_WHAT THE TASK REQUIRES:_
From the first line to the last, restate the material word for word, omitting pictures.

_RAW DATA:_
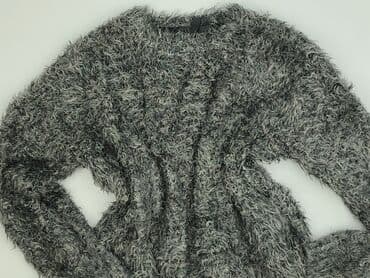 kurtki zimowe damskie c a: Topshop, Sweter damski, rozmiar M — 1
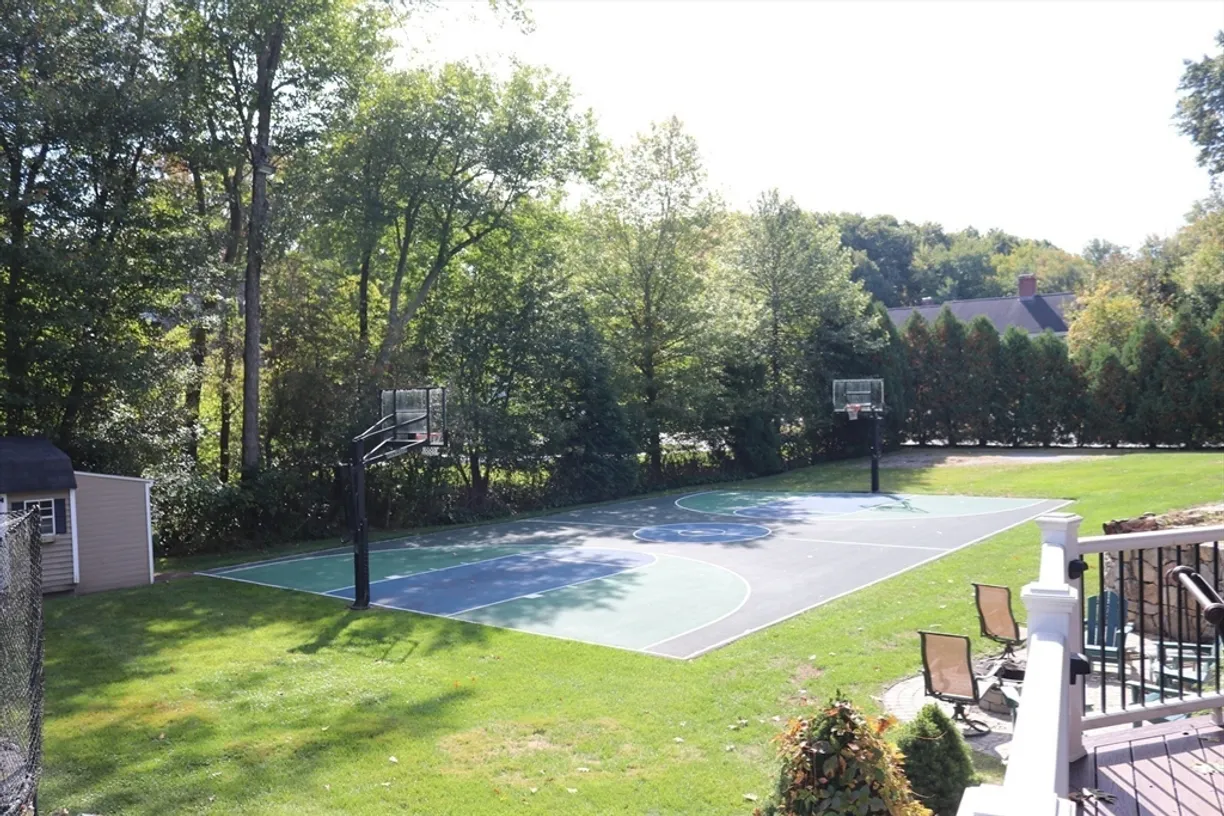 Boston, MA Real Estate | View 68 Witherell Drive | Listing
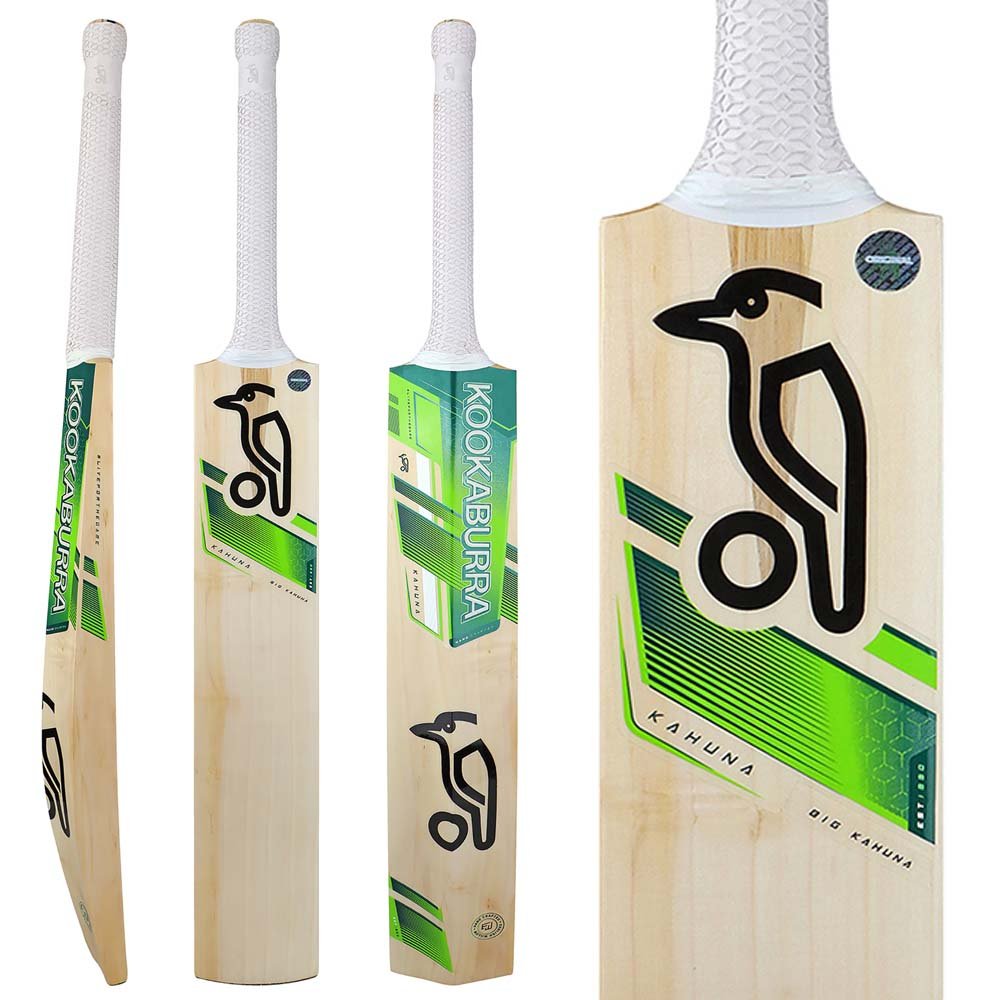 Kookaburra Big Kahuna Senior Bat - The Cricket Warehouse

_SOLUTION BELOW:_
 kurtki zimowe damskie c a: Topshop, Sweter damski, rozmiar M — 1
 Boston, MA Real Estate | View 68 Witherell Drive | Listing
 Kookaburra Big Kahuna Senior Bat - The Cricket Warehouse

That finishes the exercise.